#### [PROBLEM TO WORK ON]
Beginning with the line that contains "TNI Rebut Kembali", retype the entries below exactly, ending with the line that contains "Ester tigresa vip". Leave out any pictures.

#### [MATERIAL SUPPLIED]

>>>>

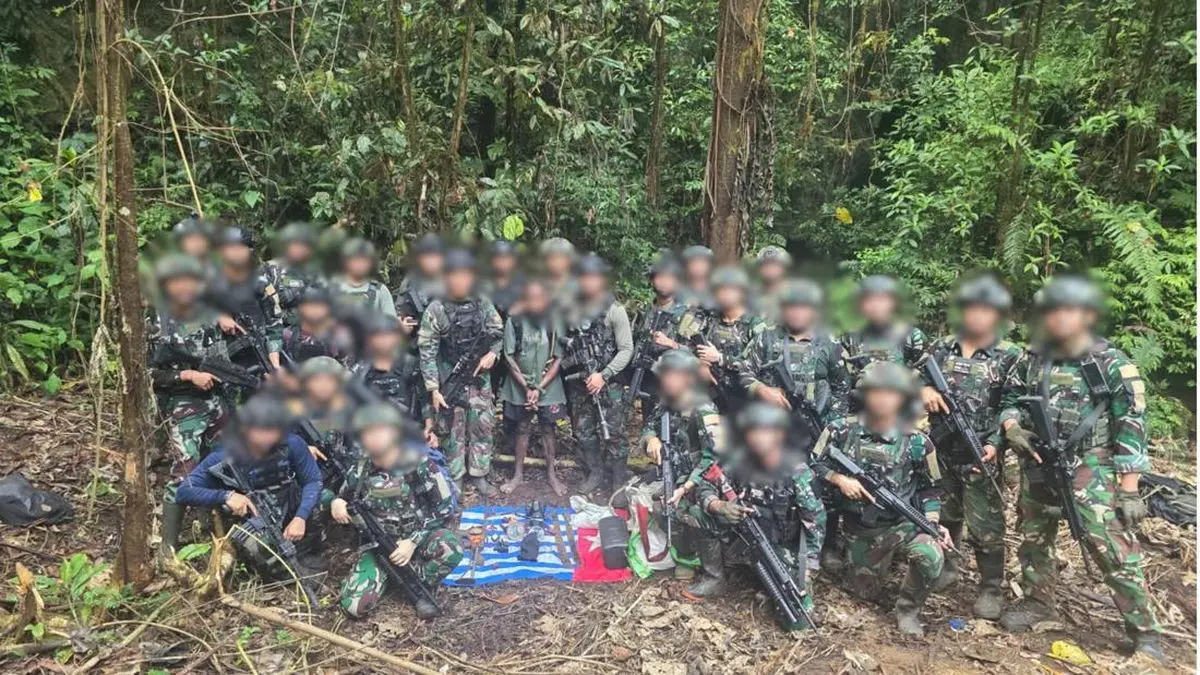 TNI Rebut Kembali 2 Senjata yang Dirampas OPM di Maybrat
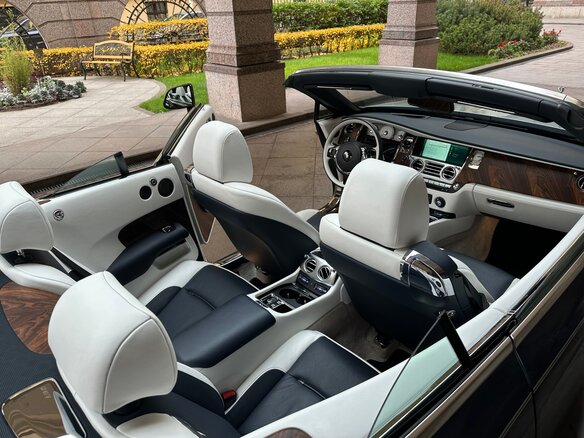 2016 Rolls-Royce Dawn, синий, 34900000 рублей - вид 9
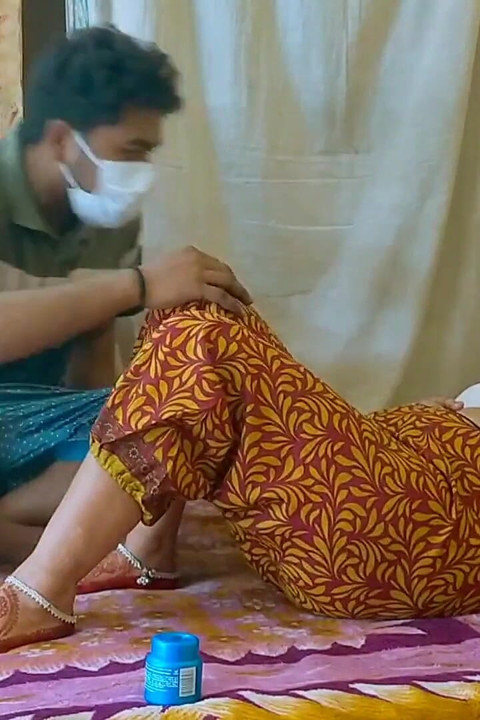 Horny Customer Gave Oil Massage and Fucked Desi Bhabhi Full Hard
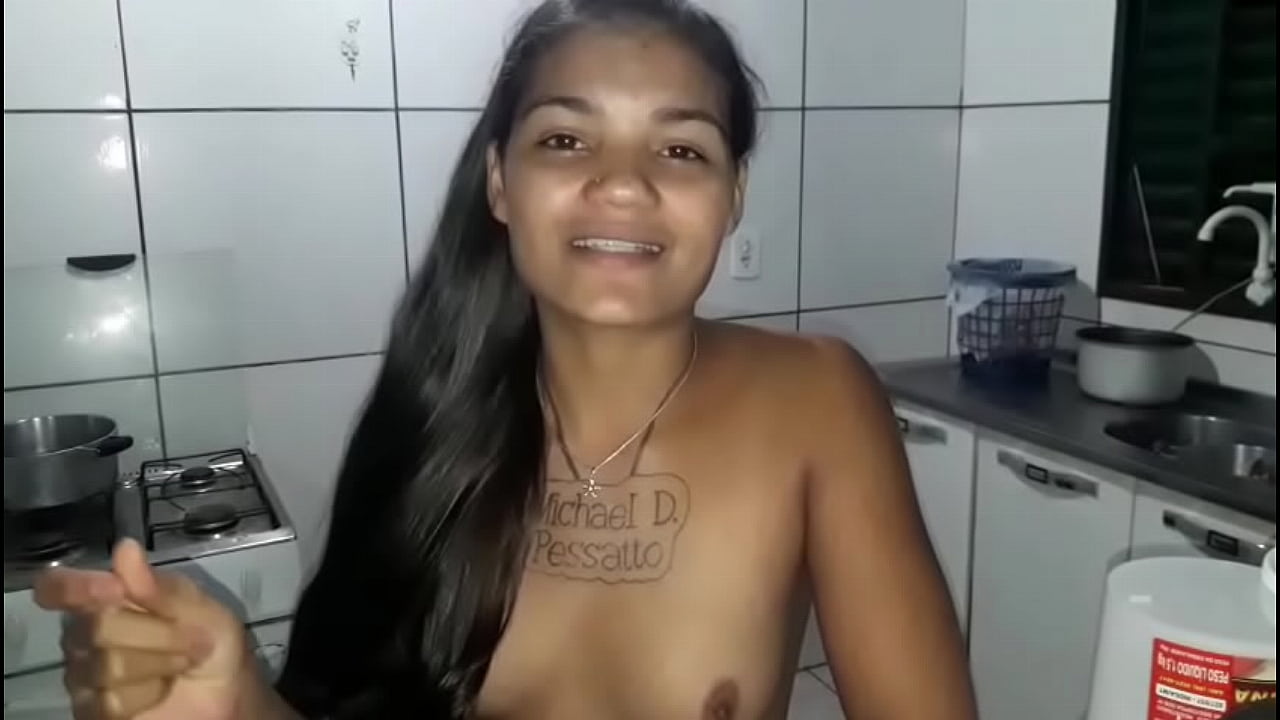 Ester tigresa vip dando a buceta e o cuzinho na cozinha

<<<<
>>>>

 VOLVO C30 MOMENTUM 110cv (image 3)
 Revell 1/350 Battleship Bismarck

<<<<
>>>>

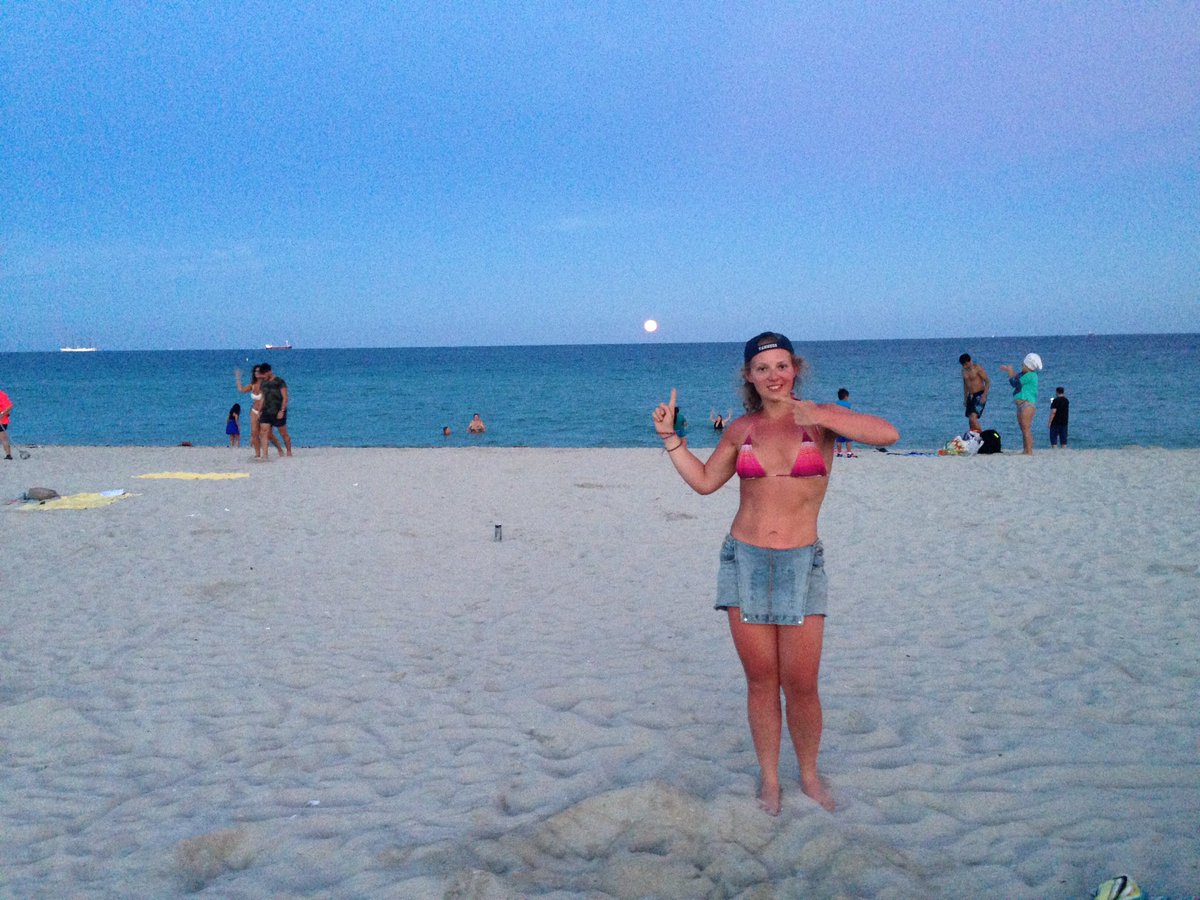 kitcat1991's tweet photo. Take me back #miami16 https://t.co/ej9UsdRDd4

<<<<

#### [ANSWER TO THIS EXERCISE]
 TNI Rebut Kembali 2 Senjata yang Dirampas OPM di Maybrat
 2016 Rolls-Royce Dawn, синий, 34900000 рублей - вид 9
 Horny Customer Gave Oil Massage and Fucked Desi Bhabhi Full Hard
 Ester tigresa vip dando a buceta e o cuzinho na cozinha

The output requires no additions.